The art of a play date: The choreography required can honestly feel on par with hosting guests for a dinner party. There are snacks to provide, conversation starters to brainstorm—assuming it’s not a drop-off situation—and entertainment options to dream up. (Hell, even if it’s just a new set of bubble wands, you want to have a plan in place.) You also need an exit strategy i.e. a plan for wrapping things up. So, how do parents do it? What are their secrets for nailing it and maximizing kid friendships, which is the whole point? We went straight to the experts, aka the parents who have been getting “spontaneous” meetups right for years. Here, their wisdom—and five rules for success.
Our Kids Have Had 16,907 Playdates. Here Are Our 5 Rules for Hosting a Successful One
Rule #1: No Unexpected Siblings (aka The Rule of Upfront Logistics)
A playdate pet peeve of many a parent we spoke with: The unexpected sibling. When hosting other kiddos for the first—or 15th—time, it’s helpful to spell out exactly who the attendees will be (say, mom, Ben W. and Ben W.’s younger sister) just so everyone can prepare. Even if it’s just making sure there’s an age-appropriate activity for a guest of a different age, it makes a difference knowing who will be joining up front. (Also, on the caregiver front, it averts any awkwardness if you know before the playdate begins whether parents are staying or dropping off.)

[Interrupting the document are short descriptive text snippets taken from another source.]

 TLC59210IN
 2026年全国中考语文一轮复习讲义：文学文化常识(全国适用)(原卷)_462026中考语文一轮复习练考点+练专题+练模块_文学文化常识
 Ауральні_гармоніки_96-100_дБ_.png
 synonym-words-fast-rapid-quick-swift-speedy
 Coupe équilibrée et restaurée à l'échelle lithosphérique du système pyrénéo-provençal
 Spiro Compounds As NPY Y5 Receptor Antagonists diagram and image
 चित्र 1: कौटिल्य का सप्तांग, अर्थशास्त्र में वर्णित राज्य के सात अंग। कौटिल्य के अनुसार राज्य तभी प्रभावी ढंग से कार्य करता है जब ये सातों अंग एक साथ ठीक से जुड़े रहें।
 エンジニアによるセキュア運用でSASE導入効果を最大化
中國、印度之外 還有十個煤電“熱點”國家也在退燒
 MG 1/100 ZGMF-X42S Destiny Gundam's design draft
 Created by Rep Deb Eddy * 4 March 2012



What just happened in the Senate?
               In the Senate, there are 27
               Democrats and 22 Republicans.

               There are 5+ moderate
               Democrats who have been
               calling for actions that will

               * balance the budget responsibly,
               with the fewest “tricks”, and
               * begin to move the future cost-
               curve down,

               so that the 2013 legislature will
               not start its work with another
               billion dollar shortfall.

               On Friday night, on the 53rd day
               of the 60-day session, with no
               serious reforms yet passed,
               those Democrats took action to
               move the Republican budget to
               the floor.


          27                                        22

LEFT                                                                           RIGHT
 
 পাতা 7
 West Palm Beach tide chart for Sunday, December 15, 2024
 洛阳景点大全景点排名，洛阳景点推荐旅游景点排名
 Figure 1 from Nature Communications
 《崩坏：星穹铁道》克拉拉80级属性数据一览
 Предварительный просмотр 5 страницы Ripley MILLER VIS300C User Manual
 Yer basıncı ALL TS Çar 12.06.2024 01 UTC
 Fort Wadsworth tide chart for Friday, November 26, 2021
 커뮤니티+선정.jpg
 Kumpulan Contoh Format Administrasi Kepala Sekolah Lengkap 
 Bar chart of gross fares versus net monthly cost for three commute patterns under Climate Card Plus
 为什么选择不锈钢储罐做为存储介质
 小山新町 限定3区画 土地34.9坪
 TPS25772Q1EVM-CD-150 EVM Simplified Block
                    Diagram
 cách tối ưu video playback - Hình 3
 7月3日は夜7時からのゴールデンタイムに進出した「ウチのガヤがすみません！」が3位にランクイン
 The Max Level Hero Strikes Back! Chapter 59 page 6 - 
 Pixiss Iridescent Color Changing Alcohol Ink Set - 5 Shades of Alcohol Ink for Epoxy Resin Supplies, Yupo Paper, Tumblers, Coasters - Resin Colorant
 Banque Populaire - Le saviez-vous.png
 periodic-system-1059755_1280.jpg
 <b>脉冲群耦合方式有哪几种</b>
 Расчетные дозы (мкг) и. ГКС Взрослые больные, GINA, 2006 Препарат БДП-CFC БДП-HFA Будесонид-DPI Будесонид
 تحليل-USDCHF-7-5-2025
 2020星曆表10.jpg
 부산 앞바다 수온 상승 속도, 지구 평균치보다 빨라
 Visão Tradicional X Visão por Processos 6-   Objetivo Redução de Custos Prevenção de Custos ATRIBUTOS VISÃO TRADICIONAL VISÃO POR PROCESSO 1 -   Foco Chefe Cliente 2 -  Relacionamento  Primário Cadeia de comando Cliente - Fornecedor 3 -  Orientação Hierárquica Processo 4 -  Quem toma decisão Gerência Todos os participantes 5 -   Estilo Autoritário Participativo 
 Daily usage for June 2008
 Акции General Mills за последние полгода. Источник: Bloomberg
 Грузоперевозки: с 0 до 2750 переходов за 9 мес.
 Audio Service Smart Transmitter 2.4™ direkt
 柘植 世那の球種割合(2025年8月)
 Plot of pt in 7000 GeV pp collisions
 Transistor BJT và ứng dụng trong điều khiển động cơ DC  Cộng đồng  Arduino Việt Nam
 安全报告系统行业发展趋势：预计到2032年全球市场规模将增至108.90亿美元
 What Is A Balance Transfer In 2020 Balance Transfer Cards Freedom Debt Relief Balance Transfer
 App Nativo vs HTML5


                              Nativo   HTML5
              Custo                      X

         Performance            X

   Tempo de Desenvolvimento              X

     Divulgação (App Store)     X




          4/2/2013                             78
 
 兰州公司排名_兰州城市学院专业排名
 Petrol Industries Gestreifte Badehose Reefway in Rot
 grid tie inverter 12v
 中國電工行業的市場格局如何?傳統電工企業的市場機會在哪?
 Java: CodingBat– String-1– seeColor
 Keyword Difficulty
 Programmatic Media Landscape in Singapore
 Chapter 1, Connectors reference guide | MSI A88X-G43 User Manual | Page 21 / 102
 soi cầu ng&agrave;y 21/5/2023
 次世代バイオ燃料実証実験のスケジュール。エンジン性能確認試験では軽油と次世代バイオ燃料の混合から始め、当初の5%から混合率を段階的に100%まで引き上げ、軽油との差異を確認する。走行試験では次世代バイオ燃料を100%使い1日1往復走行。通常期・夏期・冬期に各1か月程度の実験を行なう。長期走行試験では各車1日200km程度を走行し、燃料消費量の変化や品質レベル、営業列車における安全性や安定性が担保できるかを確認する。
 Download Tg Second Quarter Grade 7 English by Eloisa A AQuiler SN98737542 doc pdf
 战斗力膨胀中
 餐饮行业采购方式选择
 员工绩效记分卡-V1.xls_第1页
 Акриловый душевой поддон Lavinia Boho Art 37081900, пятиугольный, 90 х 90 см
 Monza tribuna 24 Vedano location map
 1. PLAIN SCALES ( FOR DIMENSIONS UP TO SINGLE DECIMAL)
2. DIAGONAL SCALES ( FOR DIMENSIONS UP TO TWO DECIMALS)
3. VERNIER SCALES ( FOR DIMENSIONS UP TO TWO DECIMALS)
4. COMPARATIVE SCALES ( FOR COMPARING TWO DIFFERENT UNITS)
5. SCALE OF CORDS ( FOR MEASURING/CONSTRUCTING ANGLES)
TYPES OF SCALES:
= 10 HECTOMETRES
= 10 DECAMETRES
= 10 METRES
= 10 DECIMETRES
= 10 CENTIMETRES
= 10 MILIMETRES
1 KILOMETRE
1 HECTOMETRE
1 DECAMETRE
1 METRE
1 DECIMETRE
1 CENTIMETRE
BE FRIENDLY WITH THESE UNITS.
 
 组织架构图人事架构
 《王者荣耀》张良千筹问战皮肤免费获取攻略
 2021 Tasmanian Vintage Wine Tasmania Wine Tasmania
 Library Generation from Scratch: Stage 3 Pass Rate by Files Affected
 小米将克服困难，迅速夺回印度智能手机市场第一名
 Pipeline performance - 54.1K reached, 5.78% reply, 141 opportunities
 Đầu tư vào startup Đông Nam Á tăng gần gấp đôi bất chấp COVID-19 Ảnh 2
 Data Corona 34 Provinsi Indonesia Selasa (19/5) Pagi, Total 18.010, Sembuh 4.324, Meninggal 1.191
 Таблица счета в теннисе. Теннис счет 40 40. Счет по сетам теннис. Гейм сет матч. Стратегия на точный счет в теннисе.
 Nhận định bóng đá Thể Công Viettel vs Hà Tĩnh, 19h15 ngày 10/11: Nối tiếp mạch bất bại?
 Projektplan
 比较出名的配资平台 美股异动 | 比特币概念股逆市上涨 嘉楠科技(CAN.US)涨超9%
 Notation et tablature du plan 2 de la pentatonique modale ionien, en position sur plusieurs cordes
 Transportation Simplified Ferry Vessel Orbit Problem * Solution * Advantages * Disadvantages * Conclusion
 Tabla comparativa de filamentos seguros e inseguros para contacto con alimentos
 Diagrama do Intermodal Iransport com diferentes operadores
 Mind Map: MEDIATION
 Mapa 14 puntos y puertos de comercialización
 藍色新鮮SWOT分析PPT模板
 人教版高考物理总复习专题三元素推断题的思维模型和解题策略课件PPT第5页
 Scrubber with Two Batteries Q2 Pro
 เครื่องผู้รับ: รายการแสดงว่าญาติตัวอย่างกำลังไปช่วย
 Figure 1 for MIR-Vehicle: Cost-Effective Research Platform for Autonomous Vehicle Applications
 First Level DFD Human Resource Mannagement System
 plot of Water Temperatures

More logistics to sort in advance: Any allergies. Also, the length of the visit. Most moms we spoke with made it clear that a successful playdate is one that is short and sweet. (One mom lamented the play date that carried on for five hours, eep!) Spelling out these specifics in advance—and via text—is often all it takes to make things go extra smooth: “Hi [insert name of Ben W.’s mom]! Looking forward to seeing you this weekend. Will anyone else be joining you and Ben? Asking because we want to have plenty of snacks and activities on hand. Thinking we can all hang from 3 to 4:30 p.m. Also, any allergies, let us know. Can’t wait!”
Rule #2: Manage Expectations (Even If That Means Teaching Your Kid to Expect the Unexpected)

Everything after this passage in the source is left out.